Okay, I was unclear. Except for the constants. Your example is a corner case that turn the variable to the constant.
In this case w/o bit propagation we're still correct but sub-optimal.
I can imagine though the case where a long sequence of constant folding ends up with pure zero. If in addition the operand that becomes constant was the only divergent operand, we'd like to propagate.

More general there is a known corner case that for example "get_local_id(x) & ~63" is uniform.

The idea here is that get_local_id() is a source of divergence, but only low 6 bits of it are divergent and upper bits are uniform for our target. Handling such cases would need DA interface to be extended to produce a divergent bit mask instead of one bit answer and employ computeKnownBits on an expression to deduce expressions which converge to be uniform even if depend on a non-uniform value.

The corner case is order of magnitude less frequent than more straight forward uses of a divergent expression though. We have plans to extend divergence analysis in the future to handle this, but without a good mechanism to propagate through DAG it will not be very useful anyway.

There actually can be problem with folding the node if we patch it after creation. At least this needs to be checked.

That's true. The problem is that in SelectionDAG::getNode (where the SCEMap insertion is) we have no Value and no chance to check it's divergence.
And this is correct: SelectionDAG is for selection and we should not expose the IR Values to it.

The only way I see is to pass the Divergence parameter to getNode from all the SelectionDAGBuilder visitors. This will be correct but requires to change each of 109 visitors and getNode().

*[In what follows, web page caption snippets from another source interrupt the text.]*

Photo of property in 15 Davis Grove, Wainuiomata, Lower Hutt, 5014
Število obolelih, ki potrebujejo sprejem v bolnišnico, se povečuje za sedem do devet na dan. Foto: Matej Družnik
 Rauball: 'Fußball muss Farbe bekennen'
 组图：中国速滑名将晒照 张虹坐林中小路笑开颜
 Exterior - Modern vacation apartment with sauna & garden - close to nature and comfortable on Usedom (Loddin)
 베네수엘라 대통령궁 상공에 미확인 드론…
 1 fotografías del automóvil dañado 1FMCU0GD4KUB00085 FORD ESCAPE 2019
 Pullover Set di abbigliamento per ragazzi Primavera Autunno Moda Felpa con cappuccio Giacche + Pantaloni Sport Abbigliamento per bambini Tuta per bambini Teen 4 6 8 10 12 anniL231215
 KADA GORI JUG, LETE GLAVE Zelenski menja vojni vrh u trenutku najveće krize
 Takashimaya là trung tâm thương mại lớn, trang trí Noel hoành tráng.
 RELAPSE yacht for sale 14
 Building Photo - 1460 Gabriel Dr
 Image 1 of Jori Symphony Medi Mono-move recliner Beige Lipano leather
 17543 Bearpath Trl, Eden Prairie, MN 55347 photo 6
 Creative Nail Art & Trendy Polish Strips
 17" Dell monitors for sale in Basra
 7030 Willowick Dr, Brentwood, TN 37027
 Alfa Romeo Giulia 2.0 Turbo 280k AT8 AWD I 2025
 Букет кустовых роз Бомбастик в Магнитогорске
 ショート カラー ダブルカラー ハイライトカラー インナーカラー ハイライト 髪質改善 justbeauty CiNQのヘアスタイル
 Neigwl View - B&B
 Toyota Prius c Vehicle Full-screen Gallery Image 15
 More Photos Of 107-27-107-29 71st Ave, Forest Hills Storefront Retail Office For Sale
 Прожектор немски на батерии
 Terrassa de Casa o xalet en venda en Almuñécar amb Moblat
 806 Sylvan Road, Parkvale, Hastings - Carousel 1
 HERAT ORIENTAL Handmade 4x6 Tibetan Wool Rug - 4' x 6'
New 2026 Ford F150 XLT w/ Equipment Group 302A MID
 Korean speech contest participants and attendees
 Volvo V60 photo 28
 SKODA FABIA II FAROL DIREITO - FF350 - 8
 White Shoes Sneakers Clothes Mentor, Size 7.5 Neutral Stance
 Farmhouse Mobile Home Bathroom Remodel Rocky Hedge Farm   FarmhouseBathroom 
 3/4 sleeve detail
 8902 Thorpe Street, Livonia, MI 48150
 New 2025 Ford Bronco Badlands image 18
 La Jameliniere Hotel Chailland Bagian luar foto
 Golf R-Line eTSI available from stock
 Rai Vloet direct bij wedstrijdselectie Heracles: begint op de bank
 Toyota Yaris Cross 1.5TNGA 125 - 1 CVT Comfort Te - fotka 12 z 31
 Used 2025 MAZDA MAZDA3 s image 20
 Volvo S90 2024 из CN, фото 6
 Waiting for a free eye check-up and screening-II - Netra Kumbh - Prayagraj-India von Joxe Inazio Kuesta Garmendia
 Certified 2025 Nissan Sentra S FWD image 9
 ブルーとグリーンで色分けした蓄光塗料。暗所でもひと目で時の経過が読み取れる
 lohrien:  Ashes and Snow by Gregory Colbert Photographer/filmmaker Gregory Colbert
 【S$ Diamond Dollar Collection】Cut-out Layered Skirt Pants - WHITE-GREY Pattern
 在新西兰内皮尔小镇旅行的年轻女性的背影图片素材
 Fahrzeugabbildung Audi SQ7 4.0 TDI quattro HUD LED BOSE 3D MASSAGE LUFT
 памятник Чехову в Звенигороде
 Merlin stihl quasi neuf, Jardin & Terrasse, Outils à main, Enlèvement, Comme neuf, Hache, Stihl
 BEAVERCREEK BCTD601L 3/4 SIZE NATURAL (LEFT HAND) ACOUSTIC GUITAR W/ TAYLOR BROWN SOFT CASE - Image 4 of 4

In fact we have no chance to have 2 SDNodes that differ by the Divergence flag only.
Please note that the selection operates per block. SelectionDAGBuilder construct the DAG for one block at a time.
Then it selects and emits the code. Then all the data including CSE map get cleared.
FoldingSetNodeID creates the hash including node and it's operands.
Thus we hit the hash only if there is same node with same operands.
Form the data dependency point it must have same divergence. So literally it is same node and setting same value of divergence flag makes no harm.
The only case when we could have 2 nodes that differ by the divergence only is if both have same operands but one is control-dependent of the divergent branch.
That immediately means that 2 nodes belong to different basic blocks and hence cannot be folded.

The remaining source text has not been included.